Baca: Tetangga ABG Bunuh Bocah 6 Tahun Tak Menyangka, Ungkap Sosoknya Jarang Bergaul dan Sering Menyendiri
Tetapi, ia terkena sindrom tontonannya terlalu masuk ke dalam realita hidupnya.
Reza menanggapi hal tersebut dengan menyebutnya sebagai teori klasik yang diklasifikasikan ke dalam Teori Belajar Sosial.
Menurut Reza, teori tersebut menjelaskan bahwa apa yang kita lihat bisa mendorong kita untuk melakukan perbuatan serupa.
"Apa saja yang kita inderawi bisa mendorong kita untuk melakukan perbuatan serupa."
"Tetapi faktanya, tidak setiap orang yang menonton tayangan kekerasan lantas menjadi pelaku kekerasan," ujar Reza.
Bahaya jika kasusnya terlalu di ekspos
Reza berpendapat, jika ekspos kasus yang berlebihan bisa memberikan stigma kepada pelaku.
Namun kasus yang sedang ramai ini juga tak baik jika dibiarkan, karena menurut Reza, menyangkut kepentingan publik.
"Jangan sampai ekspos kasus menstigma si anak (pelaku NF)."
"Tapi juga tak elok jika kasus ini dibiarkan luput dari perhatian masyarakat."
"Karena ini boleh jadi menyangkut kepentingan bahkan keamanan publik," ungkap Reza melalui pesan singkat kepada Tribunnews.com.
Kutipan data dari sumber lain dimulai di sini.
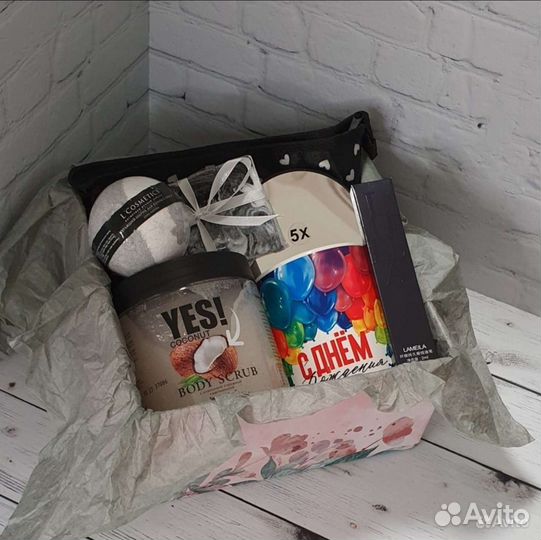 Подарок для девушки на день рождения (бокс)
Baca: Sikap Siswi SMP Pembunuh Bocah Ini Berubah Sejak Duduk di SMP
Reza juga menyoroti ekspos kasus yang diungkap tidak melampaui batas, terlebih mengelukan perilaku ekstrem dari pelaku.
"Saya juga berharap sekali ekspos kasus ini tidak berekses pada munculnya sikap mengelu-elukan si anak-pelaku karena perilaku ekstremnya," tutur Reza.
Rupanya, hal tersebut bisa menimbulkan kekhawatiran lain, termasuk menginspirasi anak-anak lain.
"Tidak hanya pengakuan semacam itu yang diinginkan anak (pelaku NF -red), tapi juga dikhawatirkan menginspirasi anak-anak lain."
"Yang (harus diakui) saat-saat ini nampak lebih gampang 'meledak' ketimbang generasi sebelumnya," jelas Reza.
Sebelumnya diberitakan, pelaku NF tega membunuh tetangganya sendiri, seorang bocah berusia 6 tahun berinisial APA secara keji.
Pelaku menenggelamkan tubuh APA ke dalam bak mandi hingga kehabisan napas.
Setelah itu, NF mencekik leher APA tanpa ampun hingga meninggal dunia.
Selanjutnya mayat APA disimpan oleh NF di dalam lemari pakaiannya.
Rupanya motif NF menghabisi nyawa APA terinspirasi dari film yang ia tonton, yakni Chucky dan Slenderman.
Setelah membunuh, pelaku menyerahkan diri kepada polisi.
Ia pun mengaku puas dan juga tak menyesal.